The senior partner never treated me quite the same way after that
exchange. In retrospect, I probably should have tried to sound a
little less superior, a little less judgmental. I had managed to
denigrate the man's religious sensibilities, which were at least
sincere if somewhat misguided.
My preference was for the familiarity of ritual—in this case a
remembrance of and celebration of Christ's Resurrection from the tomb
and the cementing of the Paschal sacrifice. The partner's preference
was for a spectacle that embraced the Apocalypse as well as the
Resurrection. Nothing says triumph quite like a guy on a white horse.
On the other hand, nothing turns religion into a circus quite like
bringing animals into church. I think it's just asking for a surprise
calculated to test your faith beyond its endurance. A horse in church
is just one step removed from poisonous serpents, and vipers in
church are just one step past full-on crazy.
I bring all this up because I have been thinking about rituals
(again) lately—since my wife pointed out that I have made a ritual
of preparing my morning latte and my evening martini. She said that I
seem to enjoy the process as much as the resulting beverages. She is
exactly right. Each one has assumed the Zen aspect of a Japanese Tea
Ceremony for me. There are precise steps in a precise order, and if
I'm somehow forced to diverge from the established way of things I
get flummoxed.
first time out with my new espresso machine. aficionados will note that I didn't know what I was doing yet. |
I fully understand that for most people this is one hell of a lot of
work to go to to get one simple cup of coffee. My response is: 1)
it's not a simple cup of coffee, and 2) if you don't enjoy the
process you're missing the point.
A proper martini at my house only requires six vessels, and the
process goes a lot faster than the construction of a latte, but it is
somehow more ethereal and satisfying in the end. I don't think this
is solely because 'spirits' are involved.

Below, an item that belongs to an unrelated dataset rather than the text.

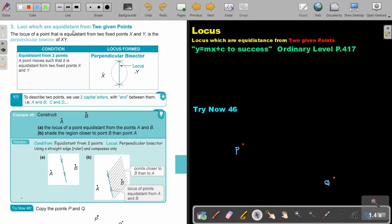Loci which are equal distance from two given points. The locus of a point that is equal distance from two fixed points, X and Y, is the perpendicular bisector of XY. So basically, if I want to walk on a road where, if I stop on this road, I will be the same distance from X and the same distance from Y, I must draw the perpendicular bisector between the points X and Y. And that perpendicular bisector will be my locus between the two points.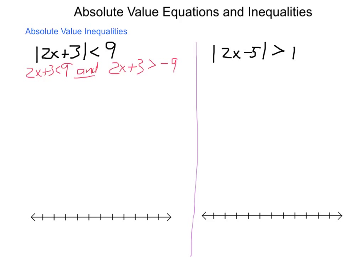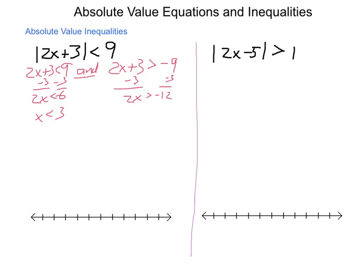Any time you're dealing with absolute value inequalities and the absolute value is less than another reference number, it's automatically an AND. Going through and solving: subtract 3 — 2x is less than 6 — divide by 2 — x is less than 3. Right-hand side: subtract 3 — 2x is greater than negative 12 — divide by 2 — x is greater than negative 6. On the number line: open circle at negative 6 and open circle at positive 3, and we color in everything in between.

I've written elsewhere on my blog about how I make a martini. You can
read more about it HERE if you're interested. What's important to
know is this: I swear to you that I can stand next to another person
making martinis, and even though we both use exactly the same
ingredients in exactly the same proportions, added in exactly the
same order, our martinis will taste different. I like to think that
mine will be better, but that is probably just a matter of personal
preference.
I think that there is a fourth ingredient to a proper martini, beyond
gin, vermouth, and garnish, that is not measurable nor discernible.
That ingredient is where the ethereal comes into play. I don't even
know what it is. It may be love. It may be purity of heart. It may be
reverence for the ritual. I don't know, but I do know that whatever
it is, it makes a difference, and that difference shapes a lot of my
life.
I'm not about to abandon the rituals I've embraced, and at my age I'm
probably not going to embrace any new ones either. This doesn't mean
I won't change. I certainly will. Change for me has its own
attendant rituals, which, practiced with sufficient reverence, render
it more charming than surprising, more celebratory than fearsome. I'm
happy to change, but I still don't like nasty surprises. Whatever
changes I make, you can be certain that I won't be riding a white
horse or bringing any vipers to church.